Federal Energy Efficiency Tax Incentives
Driving innovation and investment in our buildings and appliances to save money and energy
Four important federal tax incentives driving critical energy-saving gains unfortunately expired at the end of 2013. It is essential that Congress extend the energy efficiency incentives created under the Energy Policy Act of 2005 in order to ensure continued growth of America's cheapest fuel source, energy efficiency, creating tens of thousands of new jobs throughout the country. Failure to act would increase dangerous pollution, sacrifice employment growth, and stifle U.S. innovation and competiveness.
With appropriate extensions and updates, however, the four tax incentives created to improve the energy efficiency of U.S. homes, commercial buildings, and appliances could add $8.3 billion to the nation's gross domestic product over the next 16 years and create hundreds of thousands of jobs, while averting an astonishing 16.4 quadrillion Btu of fuel use, 3.2 million gigawatt-hours of electricity, and the dangerous emissions associated with power generation.

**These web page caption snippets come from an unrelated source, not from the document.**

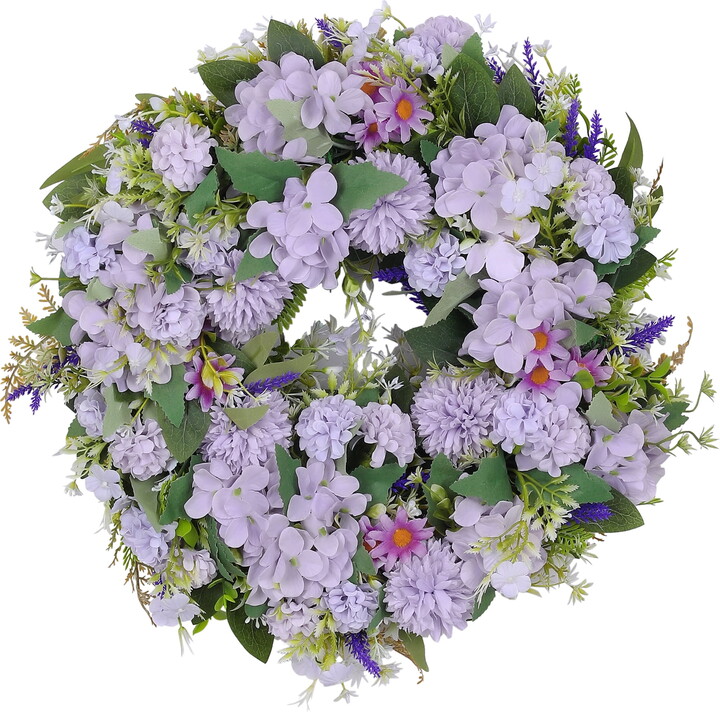 Unique Bargains Peony Wreaths for Front Door Artificial Flower Wreath Fall Wreaths Purple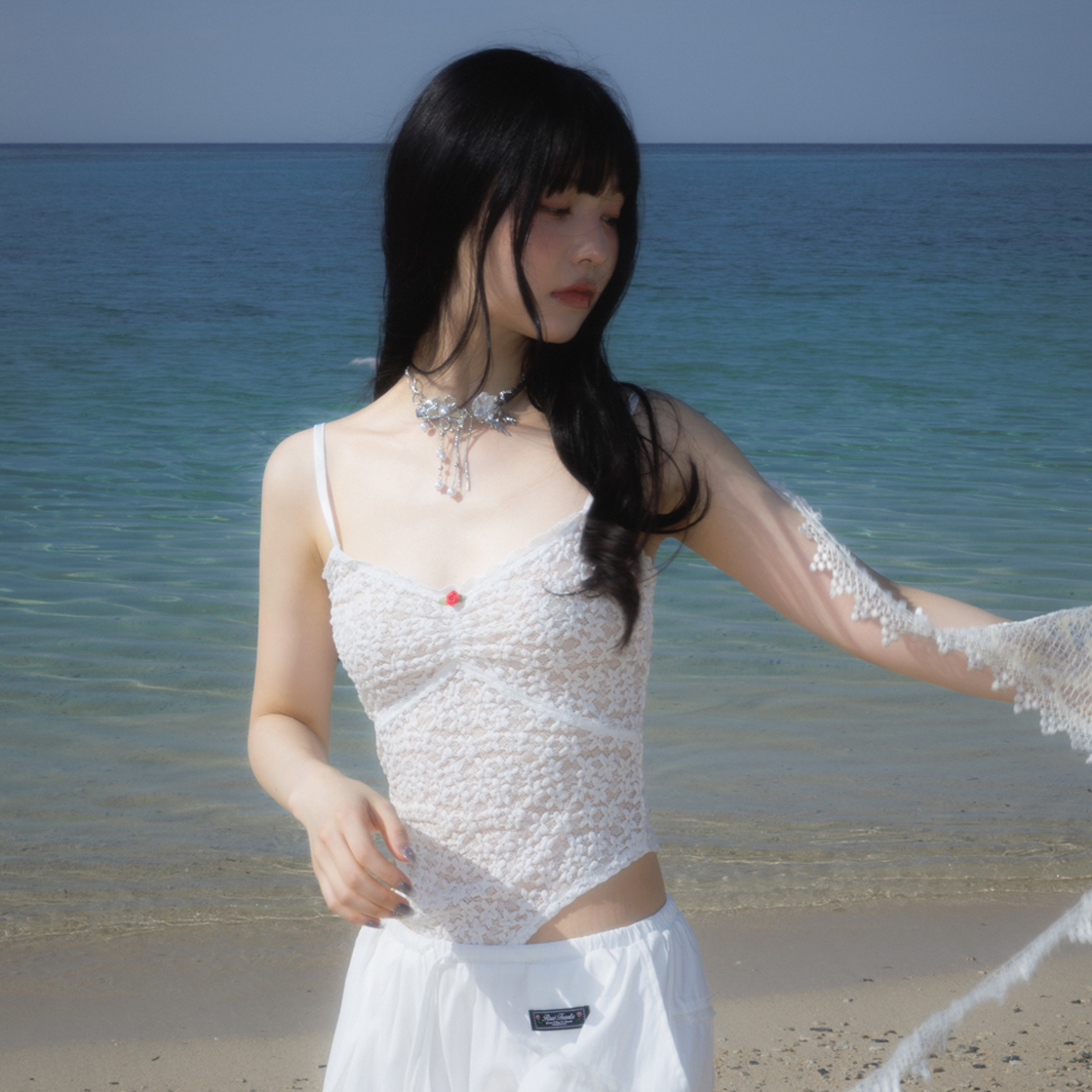 로제프란츠 레이스 바디수트 슬리브리스 아이보리(Rosefrantz Lace Bodysuit Sleeveless [Ivory]) - 3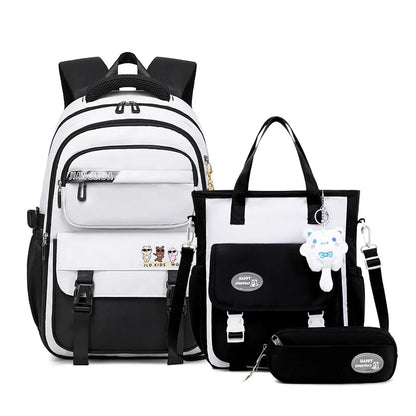 Backpack 3Pcs/Set for Girls Large Capacity Middle Schoolbag Student Schoolbag Set School Backpack Bags for Teenage Students Bag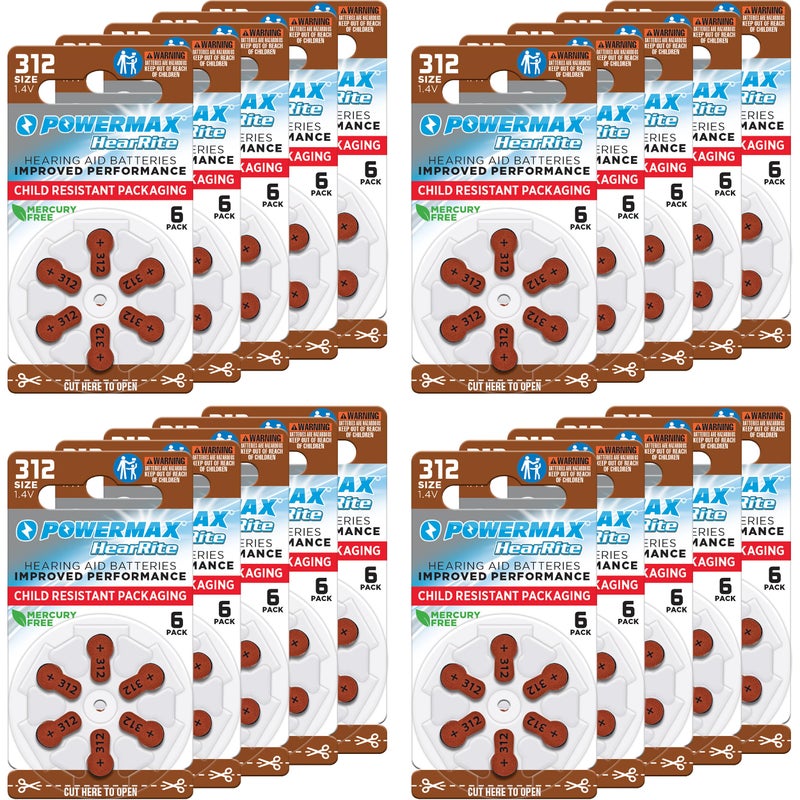 Powermax Size 312 Hearing Aid Batteries, 120 Count Long-Lasting Battery Pack, Brown Long Tab for Easy Change - Image 1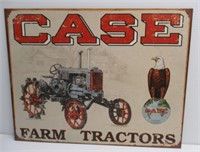 Case farm tractors tin sign. Measures 16" W x 12"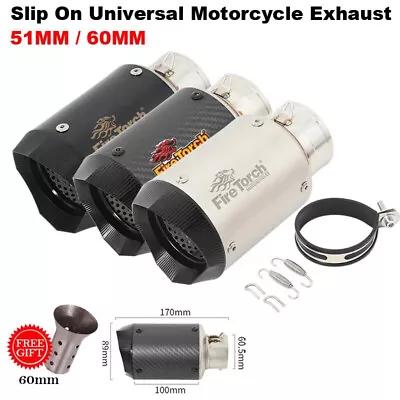 60mm Motorcycle GP Racing Tail Exhaust Escape Muffler For R1 R6 CBR1000R GSXR100 • $144.31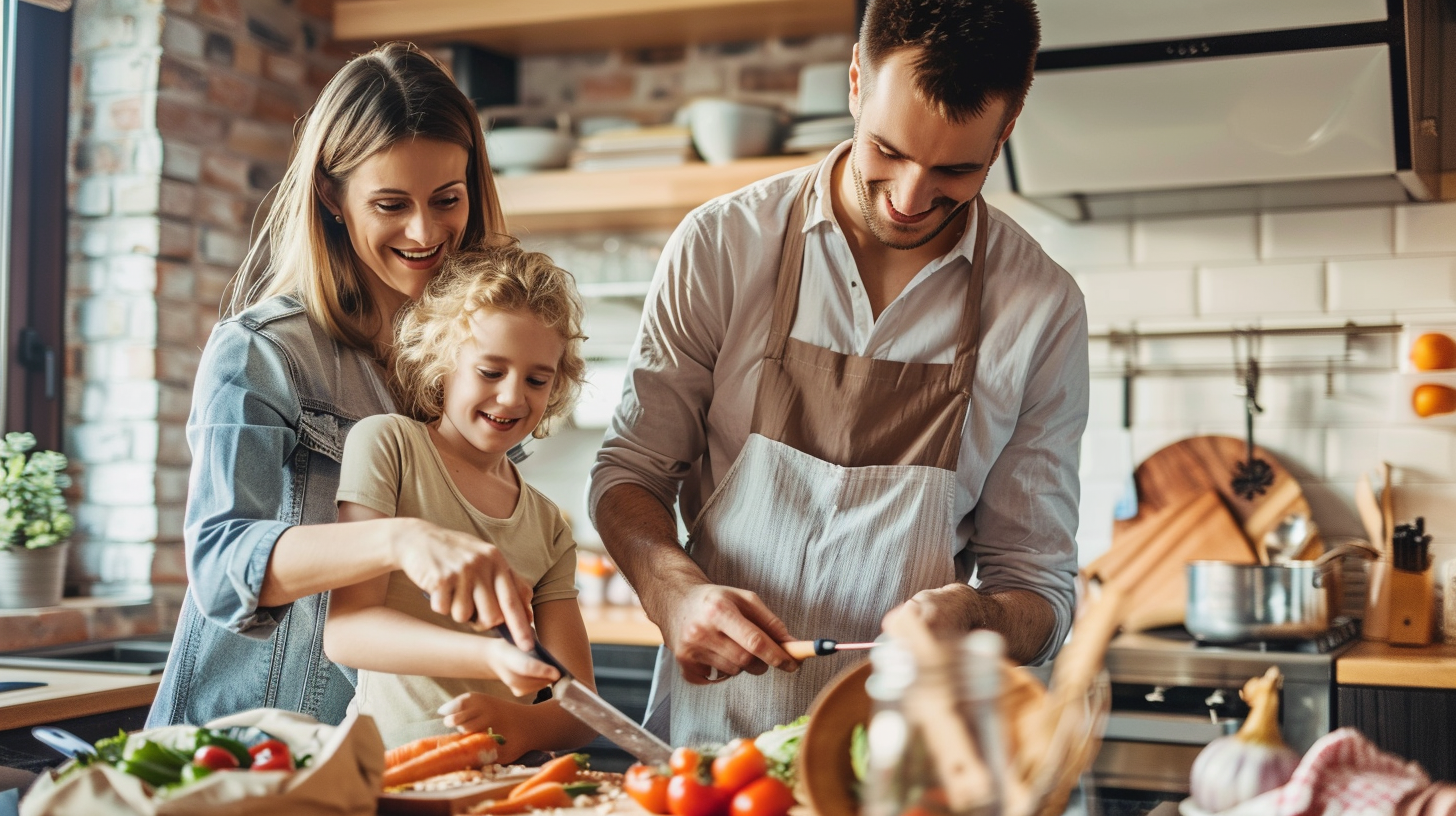 Різноманітні свіжі продукти для збалансованого харчування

Optimizing Efficiency Tax Policy
Tax incentives are a cost-effective way to encourage U.S. consumers and industry to overcome the market barriers to investing in approaches designed to cut energy waste. To create stability and inspire further innovation, Congress should extend these expiring incentives for multiple years while making improvements to ensure they are performance-based, technology-neutral incentives with maximum impact but minimum cost.
For optimum success, energy efficiency tax incentives should be crafted according to several basic principles:
- They should reward energy performance or savings whenever possible, rather than a specific technology, and should be based on this performance rather than on cost. Performance-based incentives lead to increased competition and more energy savings per federal dollar spent.
- Energy performance targets should be ambitious: If set too low, many taxpayers will claim the incentive for improvements they would have made anyway. A higher target also helps control program costs.
- Energy savings should be verified when possible through energy audits or testing.
- Incentives should be flexible, adapting to changes in the marketplace: Once an efficient technology gains a significant market share, the incentive should be tightened to reward less common yet more efficient technologies.
- Incentives should be part of a suite of policies to promote innovation and the development of energy efficient products and practices, such as labels (e.g., ENERGY STAR®), utility efficiency programs, and minimum codes and standards to gradually shift all buildings and equipment toward increased energy savings.
With cogent, performance-based tax policy, clear instructions for homeowners and builders, and a flexible approach to meeting high energy-saving targets, efficiency tax incentives can continue to spur innovation, minimize costs for both the U.S. Treasury and electricity consumers, and encourage more Americans to reduce energy use. To maximize these benefits, existing efficiency tax incentives must be extended for multiple years in order to provide market and investment certainty. In addition, because the IRS often does not track the number of tax credits claimed or the corresponding amount of tax dollars saved, requiring better reporting would result in more informed decision making related to efficiency tax incentives.
We urge Congress to improve and extend these credits to ensure that the country realizes the full savings from energy efficiency as well as its other significant benefits, including the creation of new jobs and substantial progress toward our environmental and air pollution reduction goals.